Das kommt gut an bei seiner neuen Partei und als Lafontaine und Bisky am Nachmittag wie zwei aufgeregte Erstklässler auf das Ergebnis ihrer Wahl warten, kann sich Lafontaine schon sicher sein, dass er besser abschneidet. Mit 87,9 Prozent wird er schließlich gewählt, sein Co-Vorsitzender Bisky mit 83,6 Prozent.

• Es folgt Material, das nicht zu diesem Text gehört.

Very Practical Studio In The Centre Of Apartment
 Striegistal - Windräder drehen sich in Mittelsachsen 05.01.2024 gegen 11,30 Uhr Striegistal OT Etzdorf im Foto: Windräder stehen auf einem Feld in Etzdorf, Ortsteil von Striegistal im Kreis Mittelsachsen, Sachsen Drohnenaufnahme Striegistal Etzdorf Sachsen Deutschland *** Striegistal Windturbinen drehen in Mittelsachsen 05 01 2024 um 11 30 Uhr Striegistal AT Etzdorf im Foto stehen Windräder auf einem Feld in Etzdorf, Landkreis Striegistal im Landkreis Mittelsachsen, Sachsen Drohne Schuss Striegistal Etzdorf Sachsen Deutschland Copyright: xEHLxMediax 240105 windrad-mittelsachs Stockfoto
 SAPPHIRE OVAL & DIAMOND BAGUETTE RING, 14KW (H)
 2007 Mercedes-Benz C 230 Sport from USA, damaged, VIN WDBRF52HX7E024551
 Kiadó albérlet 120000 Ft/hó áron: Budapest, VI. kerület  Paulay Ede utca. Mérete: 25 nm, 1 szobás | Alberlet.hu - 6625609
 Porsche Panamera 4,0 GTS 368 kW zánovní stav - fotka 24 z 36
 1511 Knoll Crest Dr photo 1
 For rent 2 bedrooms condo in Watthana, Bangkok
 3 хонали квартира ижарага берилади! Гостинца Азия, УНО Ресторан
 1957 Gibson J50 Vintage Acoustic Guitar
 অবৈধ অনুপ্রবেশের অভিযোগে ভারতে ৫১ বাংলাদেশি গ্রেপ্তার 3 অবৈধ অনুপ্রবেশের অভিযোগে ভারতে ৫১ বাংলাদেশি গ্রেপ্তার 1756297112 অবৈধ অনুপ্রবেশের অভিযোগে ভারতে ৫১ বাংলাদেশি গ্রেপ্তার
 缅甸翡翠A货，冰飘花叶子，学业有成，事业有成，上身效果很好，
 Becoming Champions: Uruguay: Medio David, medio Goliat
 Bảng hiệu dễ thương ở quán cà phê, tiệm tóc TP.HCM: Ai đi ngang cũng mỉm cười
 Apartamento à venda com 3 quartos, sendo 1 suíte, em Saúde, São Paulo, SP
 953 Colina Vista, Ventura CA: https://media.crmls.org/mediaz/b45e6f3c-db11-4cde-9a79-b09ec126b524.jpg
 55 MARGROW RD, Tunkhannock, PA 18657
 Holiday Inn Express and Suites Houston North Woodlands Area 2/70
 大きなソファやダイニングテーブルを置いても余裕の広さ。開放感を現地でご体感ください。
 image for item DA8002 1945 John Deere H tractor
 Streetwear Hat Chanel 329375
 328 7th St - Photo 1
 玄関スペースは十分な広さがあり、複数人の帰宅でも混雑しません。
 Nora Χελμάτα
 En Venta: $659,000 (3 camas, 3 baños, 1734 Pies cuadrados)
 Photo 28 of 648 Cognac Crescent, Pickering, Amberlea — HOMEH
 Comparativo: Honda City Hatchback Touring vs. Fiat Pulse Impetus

Überhaupt ist die Stimmung prächtig. "Jetzt geht's lo-os, jetzt geht's lo-os", skandiert der Saal, als um 16.36 Uhr die endgültige Fusion der beiden ungleichen Partner verkündet wird. 60.300 Mitglieder bringt die ostdeutsche Linkspartei (ehemals PDS), 11.500 die westdeutsche Ex-WASG mit.
Westler in Sorge
Vergessen ist in diesem Moment auch der Frust der Frauen, von denen sich keine an der Parteispitze wiederfindet. Und die ehemaligen WASGler verdrängen für diesen Moment ihre Angst, dass die straff geführte und zahlenmäßig haushoch überlegene ehemalige PDS das Projekt dominieren könnte. "Wir müssen uns jetzt alle neu finden. Jetzt gibt es einen Übergangsvorstand, und in einem Jahr werden die Karten neu gemischt", sagt Thomas Mitsch aus Baden-Württemberg zum Standard und fügt hinzu: "Das Projekt ist zu wichtig, wir können intern nicht dauernd streiten." "Sicher wird es in der ersten Zeit noch Differenzen geben. Aber nach und nach werden sich alle von den alten Gedankengängen verabschieden", beruhigt Kurt Zinke aus Sachsen-Anhalt, der jahrzehntelang in der SED Mitglied war.